## TASK INPUT
○ ○ ○ ○ ○
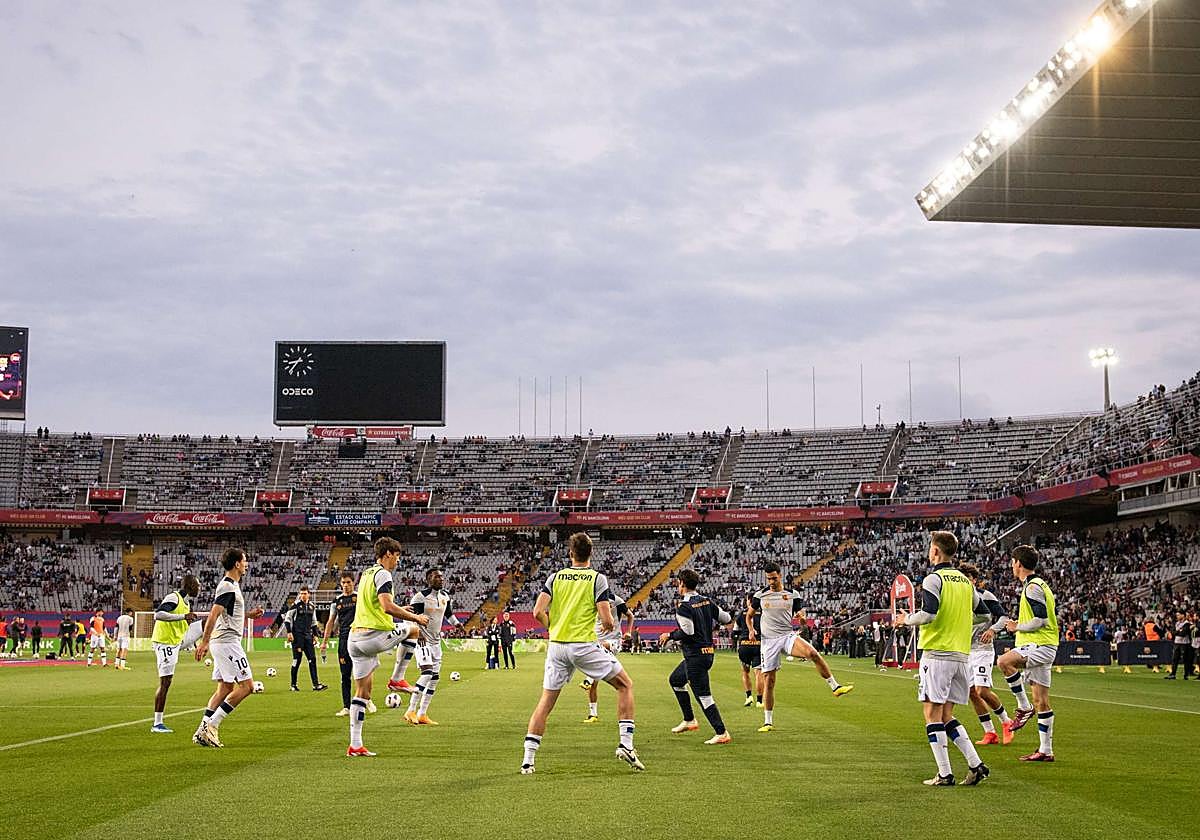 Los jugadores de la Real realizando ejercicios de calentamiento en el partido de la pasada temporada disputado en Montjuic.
○ ○ ○ ○ ○
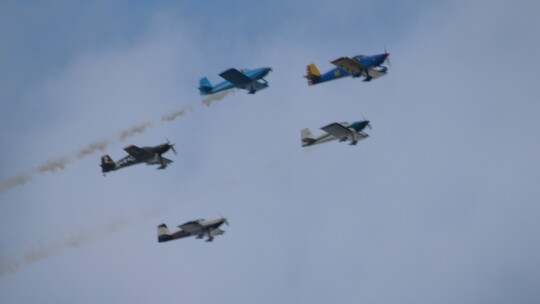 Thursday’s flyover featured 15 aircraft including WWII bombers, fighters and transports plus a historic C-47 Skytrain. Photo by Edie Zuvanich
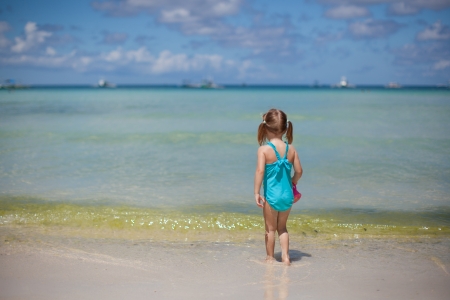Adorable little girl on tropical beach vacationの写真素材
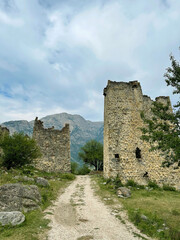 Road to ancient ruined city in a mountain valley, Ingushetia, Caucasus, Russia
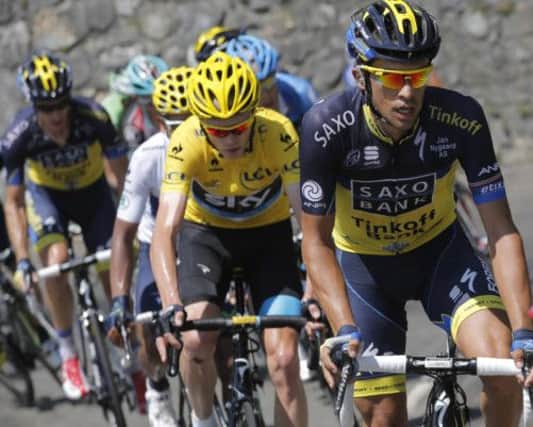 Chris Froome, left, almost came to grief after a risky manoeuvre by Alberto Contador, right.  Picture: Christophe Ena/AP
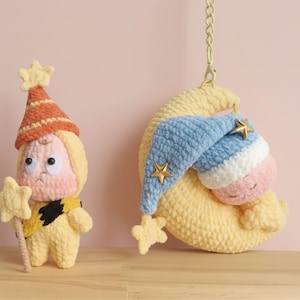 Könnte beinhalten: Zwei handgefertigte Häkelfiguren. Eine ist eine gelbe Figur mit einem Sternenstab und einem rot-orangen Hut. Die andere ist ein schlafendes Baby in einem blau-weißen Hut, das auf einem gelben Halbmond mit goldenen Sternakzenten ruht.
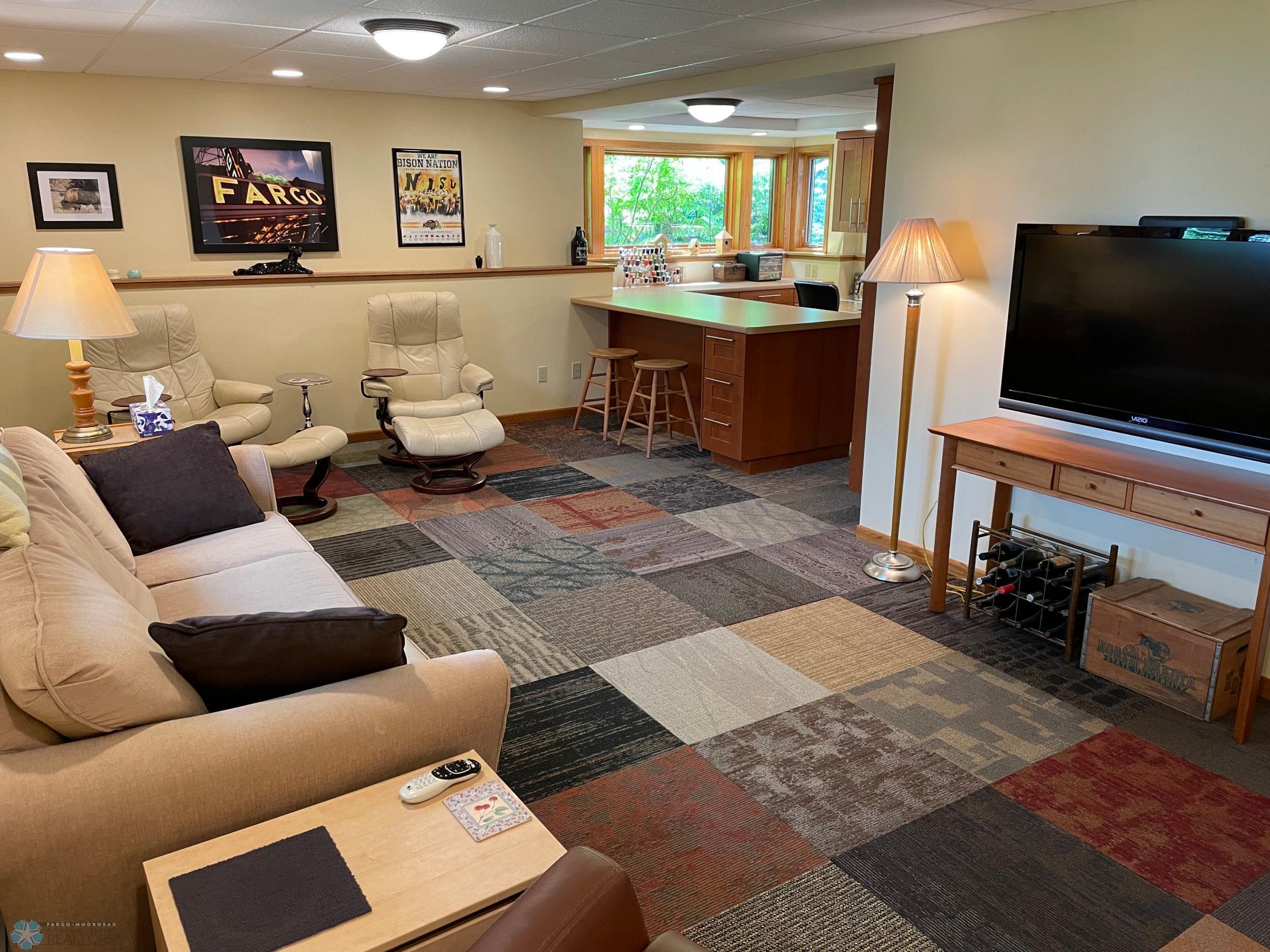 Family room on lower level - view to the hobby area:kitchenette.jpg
○ ○ ○ ○ ○
In the listing above, find the line holding "Adorable little girl" and the line holding "Family room on". Reproduce those two lines and all between them exactly, leaving out pictures.

## RESPONSE
Adorable little girl on tropical beach vacationの写真素材
 Road to ancient ruined city in a mountain valley, Ingushetia, Caucasus, Russia
 Chris Froome, left, almost came to grief after a risky manoeuvre by Alberto Contador, right.  Picture: Christophe Ena/AP
 Könnte beinhalten: Zwei handgefertigte Häkelfiguren. Eine ist eine gelbe Figur mit einem Sternenstab und einem rot-orangen Hut. Die andere ist ein schlafendes Baby in einem blau-weißen Hut, das auf einem gelben Halbmond mit goldenen Sternakzenten ruht.
 Family room on lower level - view to the hobby area:kitchenette.jpg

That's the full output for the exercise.